PROVIDED RECORDS.
=== Begin Enclosure ===

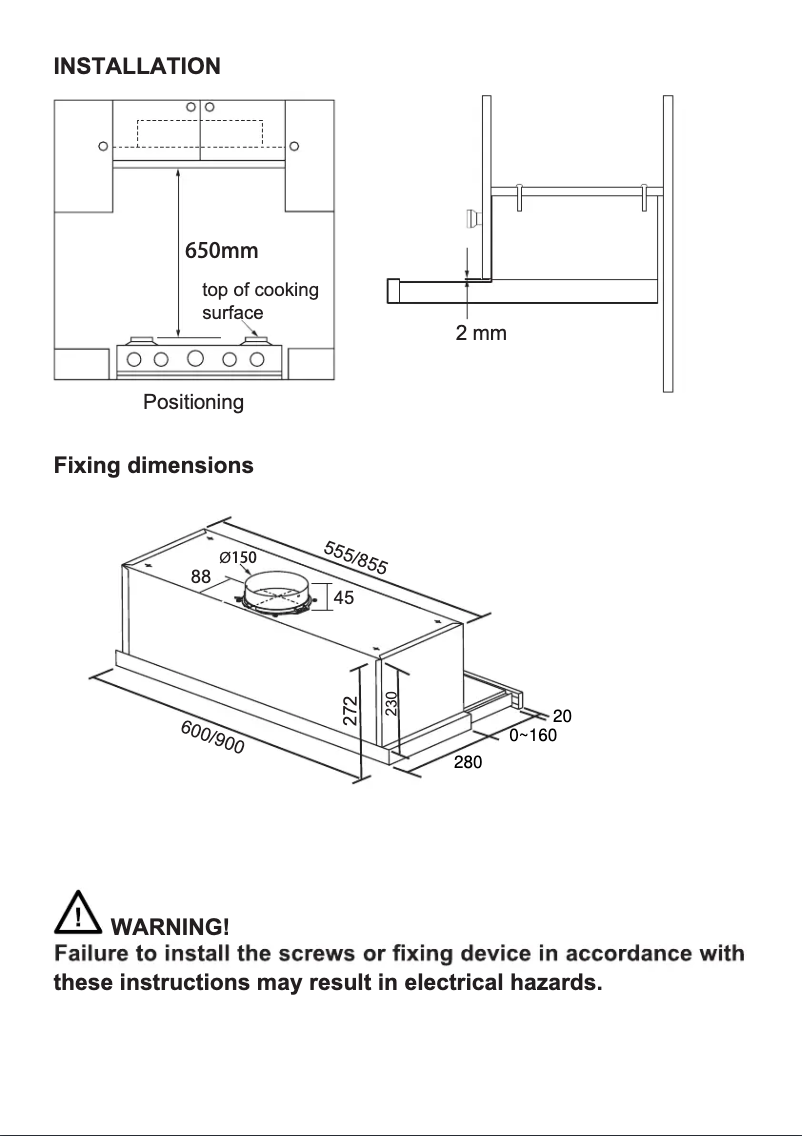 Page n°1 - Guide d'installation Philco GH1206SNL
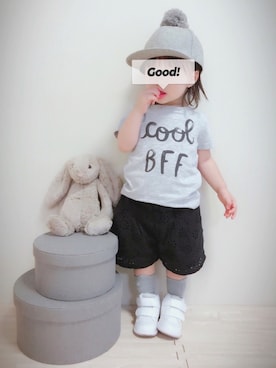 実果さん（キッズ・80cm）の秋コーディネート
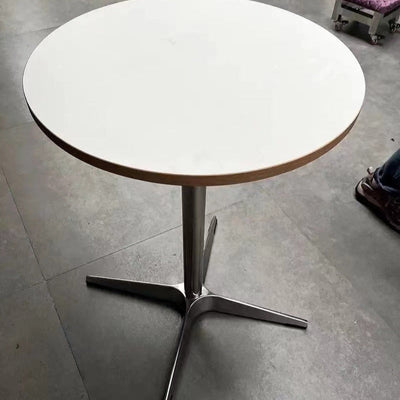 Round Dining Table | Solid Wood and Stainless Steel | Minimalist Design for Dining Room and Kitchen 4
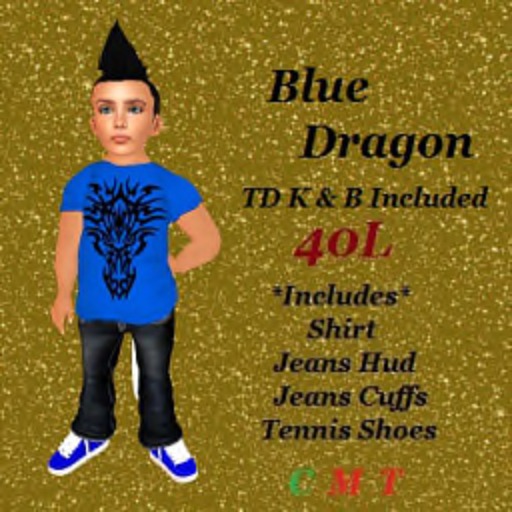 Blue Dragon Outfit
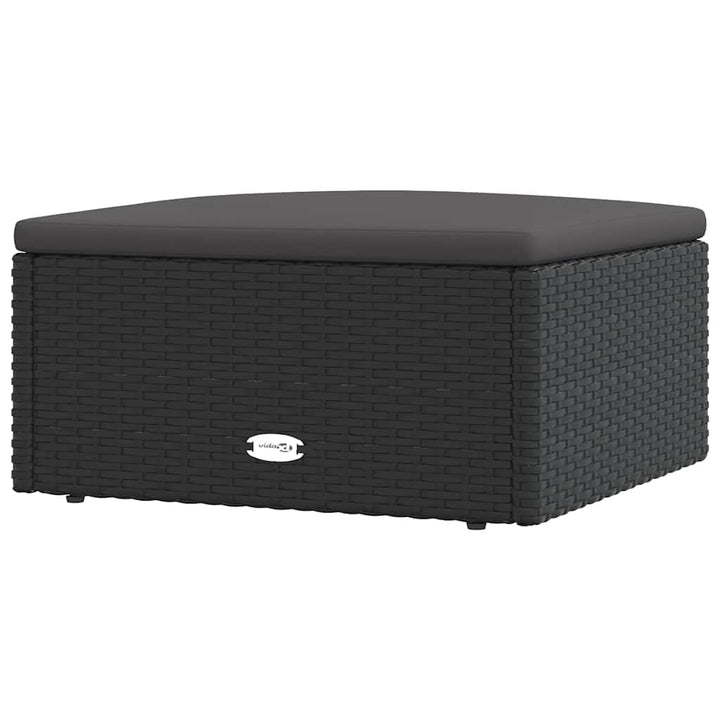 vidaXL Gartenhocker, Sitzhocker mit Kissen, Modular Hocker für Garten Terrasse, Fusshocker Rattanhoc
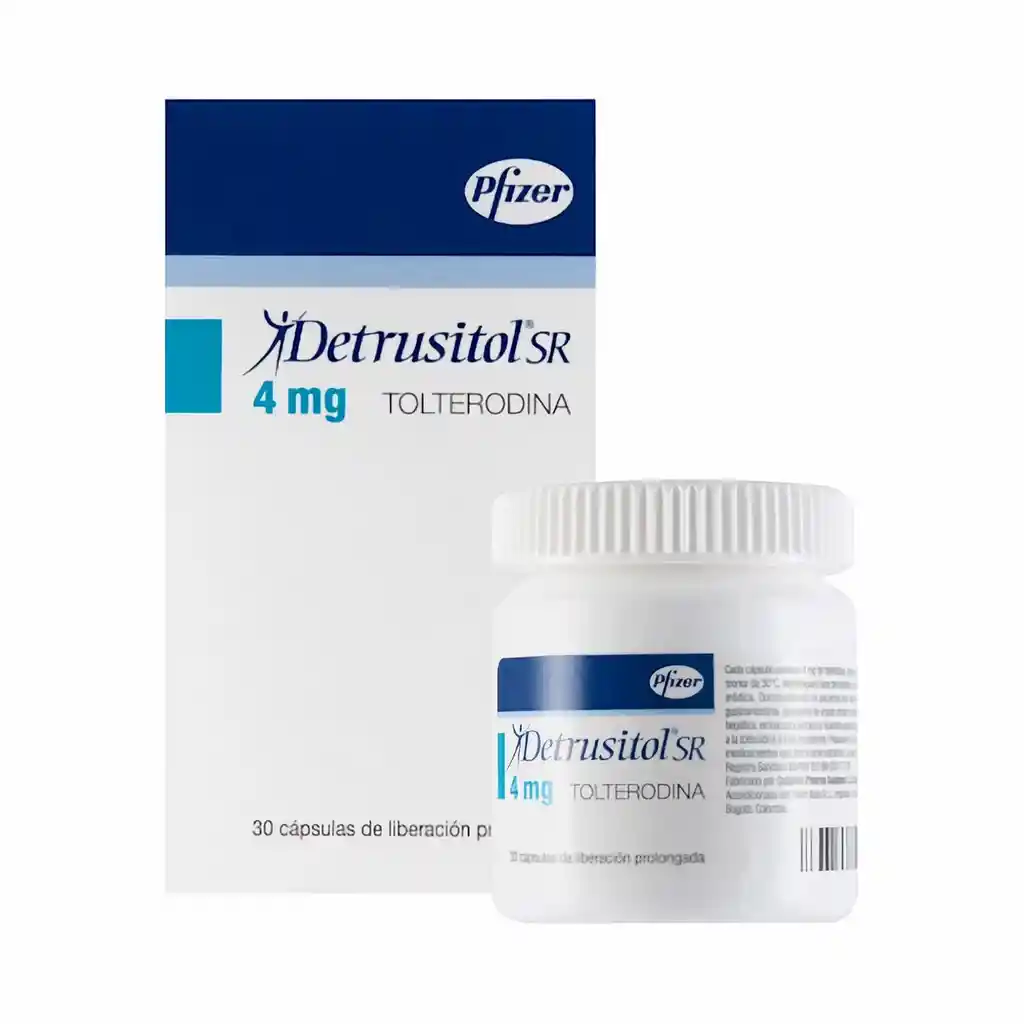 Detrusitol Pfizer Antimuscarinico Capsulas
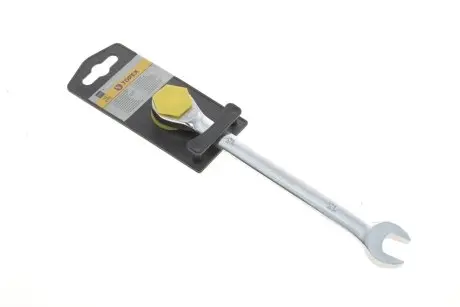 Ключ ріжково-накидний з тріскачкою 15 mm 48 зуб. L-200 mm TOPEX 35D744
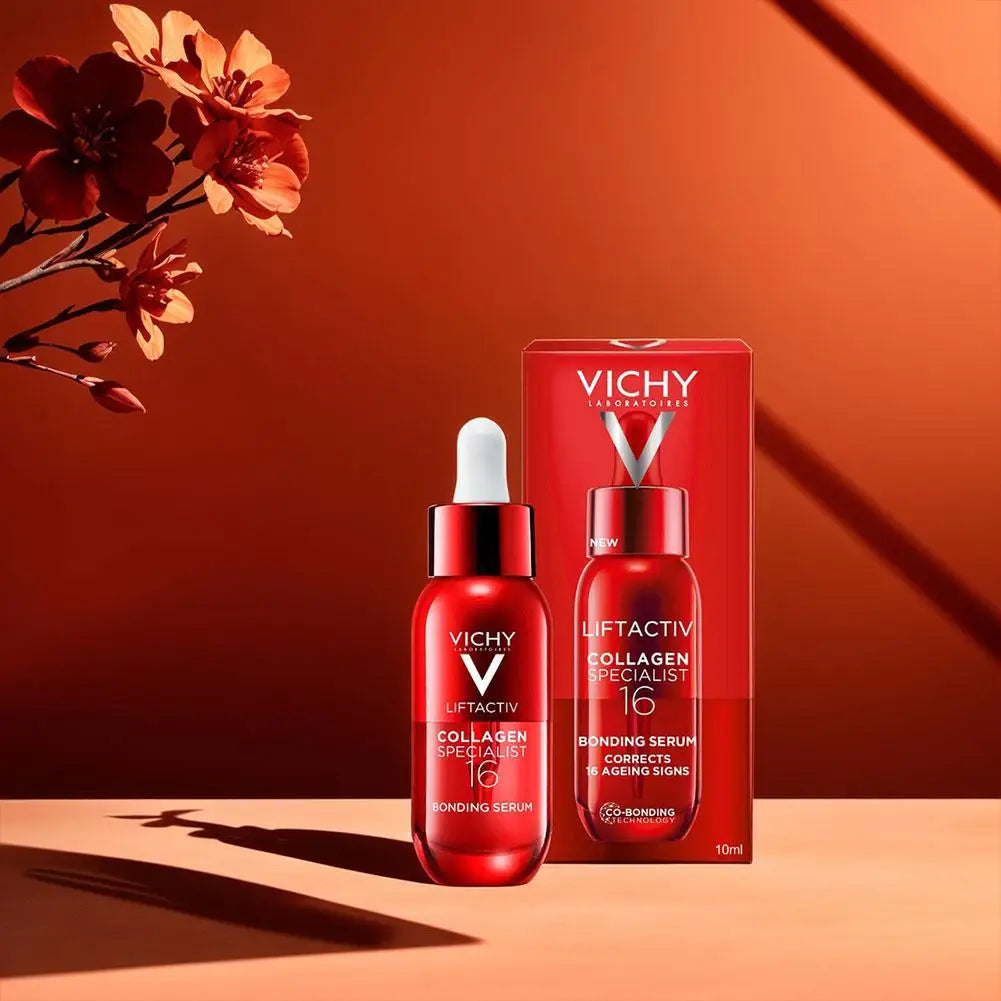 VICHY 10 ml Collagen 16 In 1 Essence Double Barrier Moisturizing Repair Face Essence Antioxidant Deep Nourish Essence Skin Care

=== End Enclosure ===
=== Begin Enclosure ===

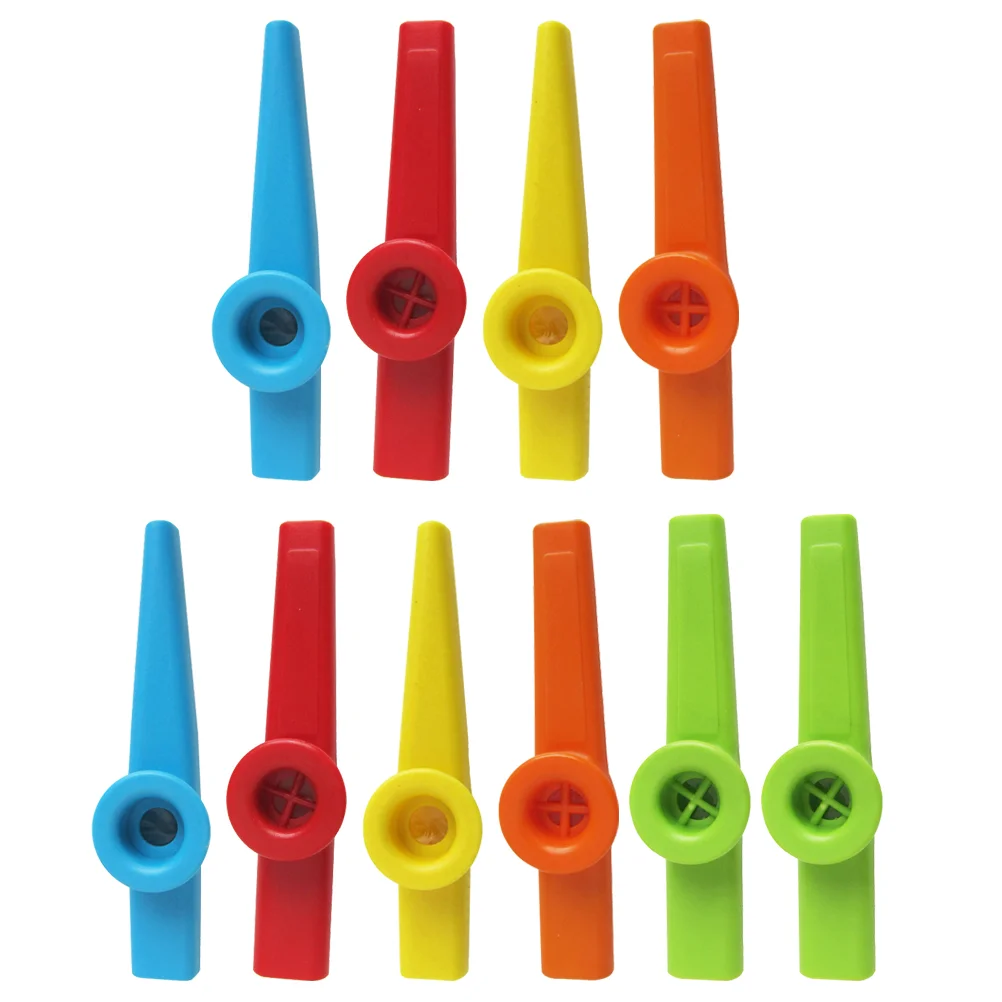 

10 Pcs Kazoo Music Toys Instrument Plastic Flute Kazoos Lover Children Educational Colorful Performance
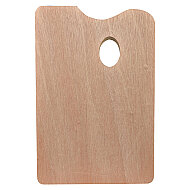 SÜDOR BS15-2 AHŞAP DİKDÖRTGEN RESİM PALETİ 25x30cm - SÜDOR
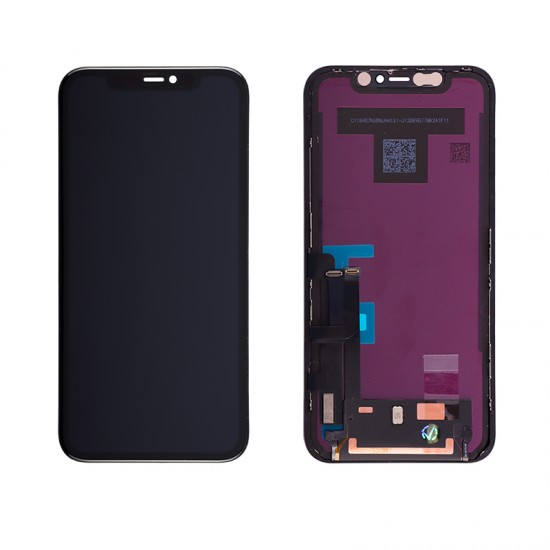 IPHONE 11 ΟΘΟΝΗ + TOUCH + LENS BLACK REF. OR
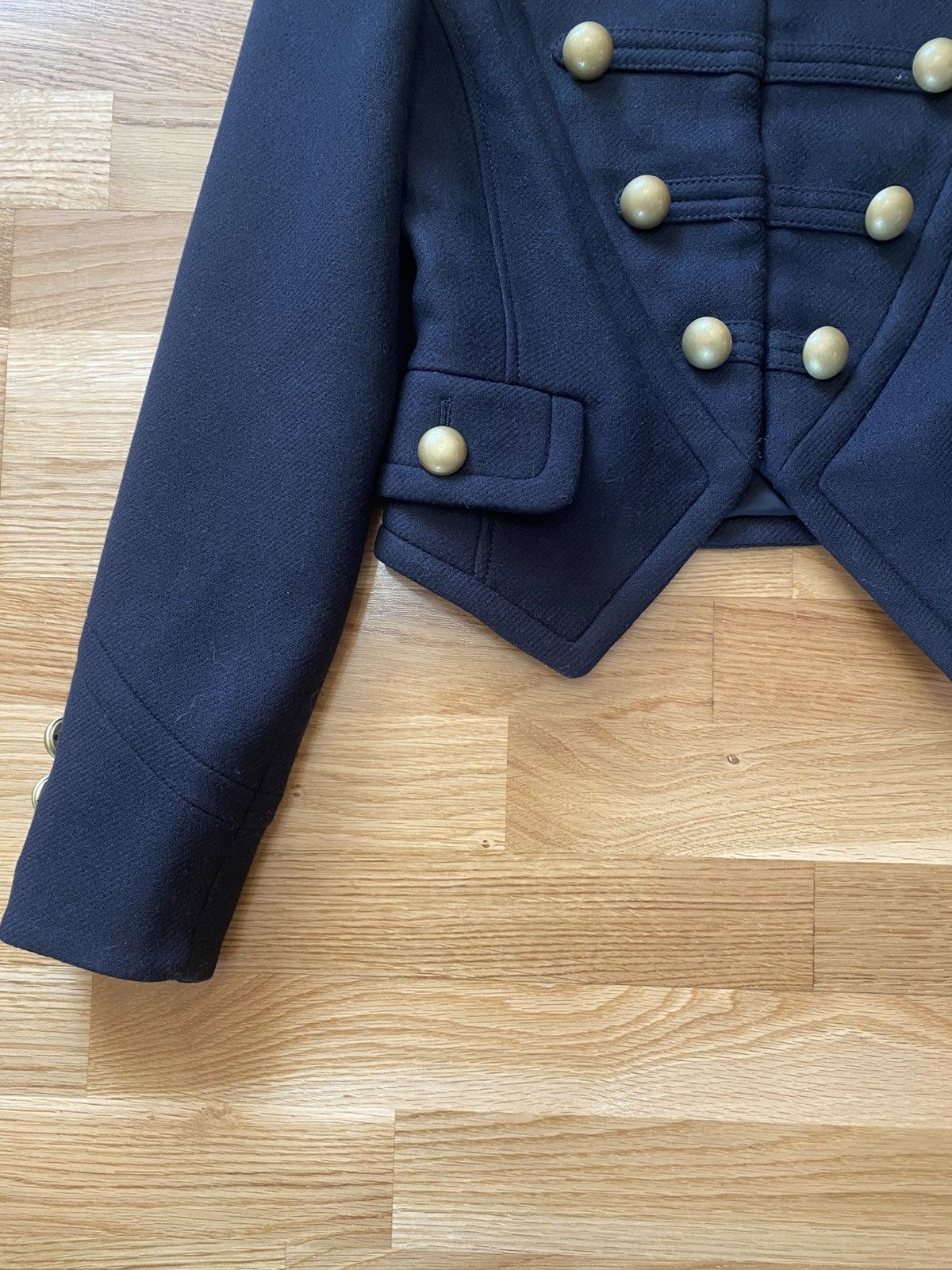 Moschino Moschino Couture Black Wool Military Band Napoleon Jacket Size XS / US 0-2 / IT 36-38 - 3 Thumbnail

=== End Enclosure ===

YOUR TASK.
Leaving out the pictures, please output the lines in the entries above from the one with "Round Dining Table" through the one with "Detrusitol Pfizer Antimuscarinico Capsulas", exactly as they are.

WORKED SOLUTION.
 Round Dining Table | Solid Wood and Stainless Steel | Minimalist Design for Dining Room and Kitchen 4
 Blue Dragon Outfit
 vidaXL Gartenhocker, Sitzhocker mit Kissen, Modular Hocker für Garten Terrasse, Fusshocker Rattanhoc
 Detrusitol Pfizer Antimuscarinico Capsulas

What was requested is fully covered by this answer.